Behind Kolar's O.K. came a frantic call from Rowe. "Runaways passed here like a streak. Knocked the ties into toothpicks. Couldn't head them."

Callahan didn't wait to hear any more. He only wiped the sweat from his face. It seemed forever before Kolar spoke again. Then it was only to say: "Runaways went by here before night man could get to switch and open it."

Would Bucks never come? And if he did come, what on earth could stop the runaway train now? They were heading into the worst grade on the West End. It averages one per cent. from Kolar to Griffin, and there we get down off the Cheyenne Hills with a long reverse curve, and drop into the cañon of the Blackwood with a three per cent. grade. Callahan, almost beside himself, threw open a north window to look for Bucks. Two men were flying down Main Street towards the station. He knew them; it was Ole and Bucks.

But Bucks! Never before or since was seen on a street of McCloud such a figure as Bucks, in his trousers and slippers, with his night-shirt free as he sailed down the wind. In another instant he was bounding up the stairs. Callahan told him.

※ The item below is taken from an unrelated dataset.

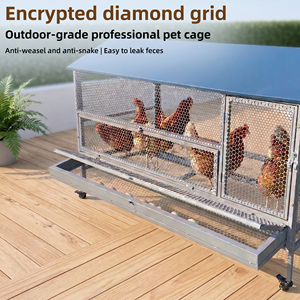 <span class=keywords><strong>Poulailler</strong></span> extérieur robuste pour poules pondeuses en acier galvanisé avec plateau en plastique écologique et <span class=keywords><strong>fermeture</strong></span> à bouton pour petits animaux, utilisable toutes saisons - Product Image 6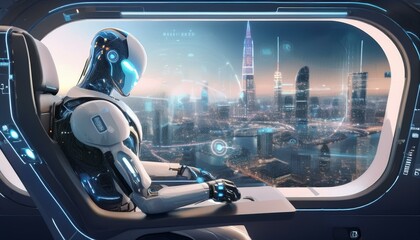Naklejka premium The Future is Now: A humanoid robot, sleek and futuristic, gazes out the window of a high-tech vehicle at the cityscape. The scene evokes a sense of anticipation and progress.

"What have you done?" he panted, throwing himself into the chair. Callahan told him. Bucks held his head in his hands while the boy talked. He turned to the sheet asked quick for 59.

"She's out of Callendar. I tried hard to stop her. I didn't lose a second; she was gone."

Barely an instant Bucks studied the sheet. Routed out of a sound sleep after an eight-hour trick, and on such a night, by such a message the marvel was he could think at all, much less set a trap which should save 59. In twenty minutes from the time Bucks took the key the two trains would be together could he save the passenger? Callahan didn't believe it.

A sharp, quick call brought Griffin. We had one of the brightest lads on the whole division at Griffin. Callahan, listening, heard Griffin answer. Bucks rattled a question. How the heart hangs on the faint, uncertain tick of a sounder when human lives hang on it!

"Where are your section men?" asked Bucks.

"In bed at the section house."

"Who's with you?"

"Night agent. Sheriff with two cowboy prisoners waiting to take 59."

Before the last word came, Bucks was back at him:

To Opr. :

Ask Sheriff release his prisoners to save passenger-train. Go together to west switch house-track, open, and set it. Smash in section tool-house, get tools. Go to point of house-track curve, cut the rails, and point them to send runaway train from Ogalalla over the bluff into the river.

Bucks.

words flew off his fingers like sparks, and another message crowded the wire behind it:

To Agt. :

Go to east switch, open, and set for passing-track. Flag 59, and run her on siding. If can't get 59 into the clear, ditch the runaways.

Bucks.

"Ed," cried Harvey, "there's a runaway train from Ogalalla coming down the line in the wind. If we can't trap it here, it'll knock 59 into kindling-wood. Turn the boys loose, Ed, and save the passenger-train. Boys, show the man and square yourselves right now. I don't know what you're here for; but I believe it's to save 59. Will you help?"

The three men sprang to their feet; Ed Banks slipped the handcuffs off in a trice. "Never mind the rest of it. Save the passenger-train first," he roared. Everybody from Ogalalla to Omaha knew Ed Banks.

"Which way? How?" cried the cowboys, in a lather of excitement.

Harvey Reynolds, beckoning as he ran, rushed out the door and up the track, his posse at his heels, stumbling into the gale like lunatics.

"Smash in the tool-house door," panted Harvey as they neared it.

Ed Banks seized the axe from his hands and took command as naturally as Dewey.

"Pick up that tie and ram her," he cried, pointing to the door. "All together now."

Harvey and the cowboys splintered the panel in a twinkling, and Banks, with a few clean strokes, cut an opening. The cowboys, jumping together, ran in and began fishing for tools in the dark. One got hold of a wrench; the other, a pick. Harvey caught up a clawbar, and Banks grabbed a spike-maul. In a bunch they ran for the point of the curve on the house-track. It lies there close to the verge of a limestone bluff that looms up fifty feet above the river.